Postell’s debut album, Diaspora, dropped in November of 2018. Everything about the album is stunning: the cover, her voice, the lyrics and especially the production. Everything about the album and its rollout last winter was also incredibly educational.

Diaspora in its literal sense means dispersion of people from their original homeland. In this case, the album title references the African diaspora, the dispersion of Black peoples throughout the world and their respective cultures. Diaspora’s cover is stunning because it captures so many pieces of the spread: Postell’s nike sneakers and jar of blue ‘diaspora’ hair product holler African-American. Her cropped hairstyle and the foliage tug at images of West-Africa. Her dress and gold accents are reminiscent of North or East Africa.

Postell’s ability to capture the diverse pieces of African heritage don’t just stop at the aesthetics. Diaspora’s sound is diverse and bound by cohesive themes of Black love, suffering, enlightenment and reflection. The album opens with a smooth interlude, Intro (Know Your Roots). It plays like a soulful infomercial: “Know your roots with Diaspora,” says the male-voice over the jazzy instrumental.

The closing song on Diaspora is much different. Free Black moves along quickly in dance-like fashion and is punctuated with Postell challenging listeners to “Raise your consciousness,”.
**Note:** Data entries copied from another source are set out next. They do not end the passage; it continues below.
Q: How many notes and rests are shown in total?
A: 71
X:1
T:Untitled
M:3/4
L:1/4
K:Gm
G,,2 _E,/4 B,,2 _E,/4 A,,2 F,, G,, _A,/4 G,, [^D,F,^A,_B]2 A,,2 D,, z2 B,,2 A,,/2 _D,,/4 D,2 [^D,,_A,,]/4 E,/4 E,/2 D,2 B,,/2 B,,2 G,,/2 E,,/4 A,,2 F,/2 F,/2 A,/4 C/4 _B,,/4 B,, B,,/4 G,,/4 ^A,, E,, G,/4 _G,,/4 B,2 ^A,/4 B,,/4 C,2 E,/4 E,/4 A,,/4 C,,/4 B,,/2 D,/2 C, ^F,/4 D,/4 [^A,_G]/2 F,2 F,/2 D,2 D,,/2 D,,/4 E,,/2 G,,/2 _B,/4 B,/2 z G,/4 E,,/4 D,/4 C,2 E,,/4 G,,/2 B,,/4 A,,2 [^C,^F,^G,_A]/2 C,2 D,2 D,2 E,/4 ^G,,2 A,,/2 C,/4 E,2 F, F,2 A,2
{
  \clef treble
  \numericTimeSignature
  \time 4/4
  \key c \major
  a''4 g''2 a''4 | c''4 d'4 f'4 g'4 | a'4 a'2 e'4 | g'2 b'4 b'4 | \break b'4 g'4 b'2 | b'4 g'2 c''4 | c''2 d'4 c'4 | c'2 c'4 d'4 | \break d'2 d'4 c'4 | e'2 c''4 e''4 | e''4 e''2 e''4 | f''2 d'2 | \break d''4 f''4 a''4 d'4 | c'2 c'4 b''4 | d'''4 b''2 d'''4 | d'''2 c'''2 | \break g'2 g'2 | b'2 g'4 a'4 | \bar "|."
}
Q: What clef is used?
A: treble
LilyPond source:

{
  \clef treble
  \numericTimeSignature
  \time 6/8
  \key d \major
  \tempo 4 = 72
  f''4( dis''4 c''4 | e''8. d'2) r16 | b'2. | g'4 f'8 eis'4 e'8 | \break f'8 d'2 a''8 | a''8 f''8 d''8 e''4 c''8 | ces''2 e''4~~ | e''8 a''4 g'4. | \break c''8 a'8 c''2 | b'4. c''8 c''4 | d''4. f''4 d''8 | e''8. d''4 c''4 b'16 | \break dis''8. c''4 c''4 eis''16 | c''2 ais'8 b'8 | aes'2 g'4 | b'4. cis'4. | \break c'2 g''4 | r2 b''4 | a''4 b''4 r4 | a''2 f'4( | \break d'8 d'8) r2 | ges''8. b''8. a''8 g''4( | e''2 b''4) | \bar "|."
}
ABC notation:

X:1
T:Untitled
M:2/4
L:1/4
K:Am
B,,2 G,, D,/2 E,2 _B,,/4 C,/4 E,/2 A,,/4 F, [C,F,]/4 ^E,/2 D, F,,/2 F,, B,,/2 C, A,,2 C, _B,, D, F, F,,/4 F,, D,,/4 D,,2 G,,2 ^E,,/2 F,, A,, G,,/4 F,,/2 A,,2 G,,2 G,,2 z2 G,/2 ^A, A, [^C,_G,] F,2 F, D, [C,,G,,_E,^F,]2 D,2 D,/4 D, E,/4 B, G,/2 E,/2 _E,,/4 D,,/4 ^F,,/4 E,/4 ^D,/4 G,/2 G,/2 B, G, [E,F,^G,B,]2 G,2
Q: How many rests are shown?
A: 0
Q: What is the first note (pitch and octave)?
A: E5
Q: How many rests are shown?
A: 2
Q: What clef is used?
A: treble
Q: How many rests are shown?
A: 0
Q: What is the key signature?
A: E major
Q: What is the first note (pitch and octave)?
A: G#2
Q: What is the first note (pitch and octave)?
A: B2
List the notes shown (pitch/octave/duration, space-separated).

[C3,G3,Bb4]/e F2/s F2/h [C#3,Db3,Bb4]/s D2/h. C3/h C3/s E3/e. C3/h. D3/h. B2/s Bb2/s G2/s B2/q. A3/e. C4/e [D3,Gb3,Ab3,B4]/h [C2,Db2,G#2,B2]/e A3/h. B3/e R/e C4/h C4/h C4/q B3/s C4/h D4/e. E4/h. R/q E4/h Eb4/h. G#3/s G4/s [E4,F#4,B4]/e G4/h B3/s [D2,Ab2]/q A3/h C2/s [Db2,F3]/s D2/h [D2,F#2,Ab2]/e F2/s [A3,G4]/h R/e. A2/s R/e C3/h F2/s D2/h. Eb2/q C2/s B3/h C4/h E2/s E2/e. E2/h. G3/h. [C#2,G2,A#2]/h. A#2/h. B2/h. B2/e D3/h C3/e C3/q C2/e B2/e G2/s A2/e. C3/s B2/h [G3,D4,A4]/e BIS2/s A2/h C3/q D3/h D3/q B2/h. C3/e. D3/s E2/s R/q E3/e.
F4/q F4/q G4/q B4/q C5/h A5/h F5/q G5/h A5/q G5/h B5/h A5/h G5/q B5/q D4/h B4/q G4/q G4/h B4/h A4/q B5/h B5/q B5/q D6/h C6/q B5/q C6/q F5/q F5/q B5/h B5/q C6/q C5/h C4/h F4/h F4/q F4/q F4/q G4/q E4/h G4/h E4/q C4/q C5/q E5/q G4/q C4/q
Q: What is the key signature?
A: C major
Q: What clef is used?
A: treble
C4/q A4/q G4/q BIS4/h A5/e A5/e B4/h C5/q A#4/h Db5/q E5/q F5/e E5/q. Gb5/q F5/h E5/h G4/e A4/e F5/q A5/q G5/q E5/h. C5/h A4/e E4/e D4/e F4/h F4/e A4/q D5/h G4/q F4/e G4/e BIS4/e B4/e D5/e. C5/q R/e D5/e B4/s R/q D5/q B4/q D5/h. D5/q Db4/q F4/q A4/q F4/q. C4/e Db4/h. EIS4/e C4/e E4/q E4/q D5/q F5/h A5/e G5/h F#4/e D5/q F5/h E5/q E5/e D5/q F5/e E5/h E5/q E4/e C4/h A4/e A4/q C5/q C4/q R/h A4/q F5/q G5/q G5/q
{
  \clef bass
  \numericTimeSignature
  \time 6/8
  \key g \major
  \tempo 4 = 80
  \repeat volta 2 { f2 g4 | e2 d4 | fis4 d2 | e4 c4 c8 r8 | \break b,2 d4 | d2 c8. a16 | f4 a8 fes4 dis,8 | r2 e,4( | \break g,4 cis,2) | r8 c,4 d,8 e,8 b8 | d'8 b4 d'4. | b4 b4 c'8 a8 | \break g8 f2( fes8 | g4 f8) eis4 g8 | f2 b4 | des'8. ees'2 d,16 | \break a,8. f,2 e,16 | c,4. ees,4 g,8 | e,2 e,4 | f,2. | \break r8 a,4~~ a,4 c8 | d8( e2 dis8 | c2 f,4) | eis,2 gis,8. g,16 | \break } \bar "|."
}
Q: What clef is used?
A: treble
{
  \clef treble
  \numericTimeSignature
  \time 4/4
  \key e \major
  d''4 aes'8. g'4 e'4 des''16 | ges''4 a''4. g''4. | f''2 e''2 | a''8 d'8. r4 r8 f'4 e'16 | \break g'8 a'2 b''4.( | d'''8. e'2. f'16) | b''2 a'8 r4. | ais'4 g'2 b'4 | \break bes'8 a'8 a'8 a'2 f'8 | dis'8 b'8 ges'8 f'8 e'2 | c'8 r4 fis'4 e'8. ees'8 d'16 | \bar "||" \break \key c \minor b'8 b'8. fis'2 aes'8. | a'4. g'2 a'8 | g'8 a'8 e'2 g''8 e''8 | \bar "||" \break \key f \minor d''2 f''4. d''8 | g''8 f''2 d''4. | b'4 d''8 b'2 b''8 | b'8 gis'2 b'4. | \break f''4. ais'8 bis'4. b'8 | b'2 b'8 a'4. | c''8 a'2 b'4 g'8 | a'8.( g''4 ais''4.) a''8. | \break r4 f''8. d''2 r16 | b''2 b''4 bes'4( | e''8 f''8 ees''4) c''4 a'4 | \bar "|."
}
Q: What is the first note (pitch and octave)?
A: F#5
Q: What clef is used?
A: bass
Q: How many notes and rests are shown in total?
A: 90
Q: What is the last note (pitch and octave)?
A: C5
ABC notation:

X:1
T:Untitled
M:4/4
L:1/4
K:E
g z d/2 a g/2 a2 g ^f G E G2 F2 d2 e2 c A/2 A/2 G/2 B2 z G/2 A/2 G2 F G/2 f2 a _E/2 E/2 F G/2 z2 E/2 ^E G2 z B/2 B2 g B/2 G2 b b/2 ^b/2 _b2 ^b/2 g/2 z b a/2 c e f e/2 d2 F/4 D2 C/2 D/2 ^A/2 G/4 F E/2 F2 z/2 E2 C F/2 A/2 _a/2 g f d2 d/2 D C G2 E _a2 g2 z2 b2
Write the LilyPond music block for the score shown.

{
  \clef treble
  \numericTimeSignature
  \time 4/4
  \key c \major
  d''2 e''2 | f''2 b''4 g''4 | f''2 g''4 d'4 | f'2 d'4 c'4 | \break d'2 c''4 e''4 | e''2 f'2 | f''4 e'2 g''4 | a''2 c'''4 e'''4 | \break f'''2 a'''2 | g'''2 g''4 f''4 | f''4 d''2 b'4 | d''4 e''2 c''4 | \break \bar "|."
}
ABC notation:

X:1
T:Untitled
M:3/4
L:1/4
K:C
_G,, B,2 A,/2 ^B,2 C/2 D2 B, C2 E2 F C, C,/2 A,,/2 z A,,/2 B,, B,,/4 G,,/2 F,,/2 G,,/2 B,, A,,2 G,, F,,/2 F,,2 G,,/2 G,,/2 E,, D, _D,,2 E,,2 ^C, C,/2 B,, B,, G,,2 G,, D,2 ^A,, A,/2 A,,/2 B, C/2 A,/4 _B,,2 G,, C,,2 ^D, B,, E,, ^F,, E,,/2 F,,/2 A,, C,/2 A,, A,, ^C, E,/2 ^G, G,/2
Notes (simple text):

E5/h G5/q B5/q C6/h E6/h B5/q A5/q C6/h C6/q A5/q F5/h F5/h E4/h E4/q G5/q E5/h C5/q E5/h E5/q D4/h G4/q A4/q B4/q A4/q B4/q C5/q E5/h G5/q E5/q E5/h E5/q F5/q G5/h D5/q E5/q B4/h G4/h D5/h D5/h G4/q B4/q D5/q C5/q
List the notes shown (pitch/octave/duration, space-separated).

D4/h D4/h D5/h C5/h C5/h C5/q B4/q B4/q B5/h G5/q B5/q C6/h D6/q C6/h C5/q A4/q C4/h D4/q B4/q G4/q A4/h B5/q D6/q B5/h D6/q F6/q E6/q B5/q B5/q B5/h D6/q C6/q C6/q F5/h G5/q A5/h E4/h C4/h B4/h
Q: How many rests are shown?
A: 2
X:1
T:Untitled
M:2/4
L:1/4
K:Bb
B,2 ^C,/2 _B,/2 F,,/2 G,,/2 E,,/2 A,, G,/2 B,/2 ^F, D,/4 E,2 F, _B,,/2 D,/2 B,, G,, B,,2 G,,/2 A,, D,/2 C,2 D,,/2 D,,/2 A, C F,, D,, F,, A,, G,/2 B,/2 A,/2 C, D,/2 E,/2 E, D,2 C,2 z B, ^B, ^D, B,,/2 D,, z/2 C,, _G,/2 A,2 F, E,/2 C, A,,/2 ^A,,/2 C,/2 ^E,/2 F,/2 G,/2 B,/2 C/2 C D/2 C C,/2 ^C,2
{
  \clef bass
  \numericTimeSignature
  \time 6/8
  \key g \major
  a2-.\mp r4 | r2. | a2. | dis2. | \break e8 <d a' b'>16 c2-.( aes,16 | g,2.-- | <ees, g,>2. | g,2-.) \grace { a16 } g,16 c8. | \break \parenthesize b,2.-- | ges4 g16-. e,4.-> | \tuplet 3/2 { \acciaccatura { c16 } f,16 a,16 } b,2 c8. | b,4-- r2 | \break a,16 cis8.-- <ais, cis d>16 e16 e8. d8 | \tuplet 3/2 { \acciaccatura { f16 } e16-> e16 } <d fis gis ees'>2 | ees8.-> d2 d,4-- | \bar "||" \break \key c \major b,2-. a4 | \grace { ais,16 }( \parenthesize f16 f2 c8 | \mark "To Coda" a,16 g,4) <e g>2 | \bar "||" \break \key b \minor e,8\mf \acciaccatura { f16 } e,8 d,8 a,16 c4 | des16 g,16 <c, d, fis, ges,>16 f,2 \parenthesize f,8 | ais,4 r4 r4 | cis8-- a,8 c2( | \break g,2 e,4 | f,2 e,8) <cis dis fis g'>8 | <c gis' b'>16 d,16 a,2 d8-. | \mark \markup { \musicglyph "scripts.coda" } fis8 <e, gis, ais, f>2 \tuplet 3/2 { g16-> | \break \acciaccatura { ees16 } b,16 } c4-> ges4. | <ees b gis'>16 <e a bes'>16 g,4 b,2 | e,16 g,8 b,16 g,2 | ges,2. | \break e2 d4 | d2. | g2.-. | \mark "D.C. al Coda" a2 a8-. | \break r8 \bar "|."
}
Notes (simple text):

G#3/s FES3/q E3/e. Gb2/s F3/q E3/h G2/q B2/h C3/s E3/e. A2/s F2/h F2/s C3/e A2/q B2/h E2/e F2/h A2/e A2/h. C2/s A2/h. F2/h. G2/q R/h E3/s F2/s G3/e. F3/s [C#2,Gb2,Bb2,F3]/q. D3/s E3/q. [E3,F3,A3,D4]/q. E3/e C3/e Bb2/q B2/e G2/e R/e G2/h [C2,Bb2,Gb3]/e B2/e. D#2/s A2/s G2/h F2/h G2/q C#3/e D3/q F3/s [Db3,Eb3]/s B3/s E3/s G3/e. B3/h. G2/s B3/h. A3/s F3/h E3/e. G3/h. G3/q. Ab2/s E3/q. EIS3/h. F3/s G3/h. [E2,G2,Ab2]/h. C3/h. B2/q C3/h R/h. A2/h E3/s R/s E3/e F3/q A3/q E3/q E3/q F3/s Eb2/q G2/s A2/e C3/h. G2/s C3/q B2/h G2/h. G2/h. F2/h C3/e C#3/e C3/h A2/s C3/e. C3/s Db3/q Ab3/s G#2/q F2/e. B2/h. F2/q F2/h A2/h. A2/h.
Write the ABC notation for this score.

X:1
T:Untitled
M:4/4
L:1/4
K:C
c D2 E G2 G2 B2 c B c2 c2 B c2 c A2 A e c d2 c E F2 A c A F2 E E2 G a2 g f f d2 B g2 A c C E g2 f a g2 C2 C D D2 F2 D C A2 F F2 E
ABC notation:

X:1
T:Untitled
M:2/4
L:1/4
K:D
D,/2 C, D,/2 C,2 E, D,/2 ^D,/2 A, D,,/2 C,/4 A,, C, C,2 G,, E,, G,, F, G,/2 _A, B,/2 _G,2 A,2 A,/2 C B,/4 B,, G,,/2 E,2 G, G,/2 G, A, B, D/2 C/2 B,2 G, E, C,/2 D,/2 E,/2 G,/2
“I’m Black and proud yeah yeah, I’m Black and proud- I’m Black and loud yeah yeah, I’m Black and loud,”

Diaspora gets high marks for both musicality and creativity. However, the clever cultural work that Postell puts into Diaspora is what makes this album stand out. Her extended metaphor for the product “diaspora” is witty. Listeners are able to hear a pitch for the product, the story of Postell presumably before and after using her product ‘diaspora’ and the eventual testimonies from those that used the product and gave positive reviews.

There are clear benefits to getting in touch with one’s roots as Postell posits. Black people in urban environments especially can find benefits in learning more about their heritage. In Water and No Sunshine, Postell speaks on the ills of police brutality, failing economic systems and the overall blind eye that the hegemonic gaze will have on these issues.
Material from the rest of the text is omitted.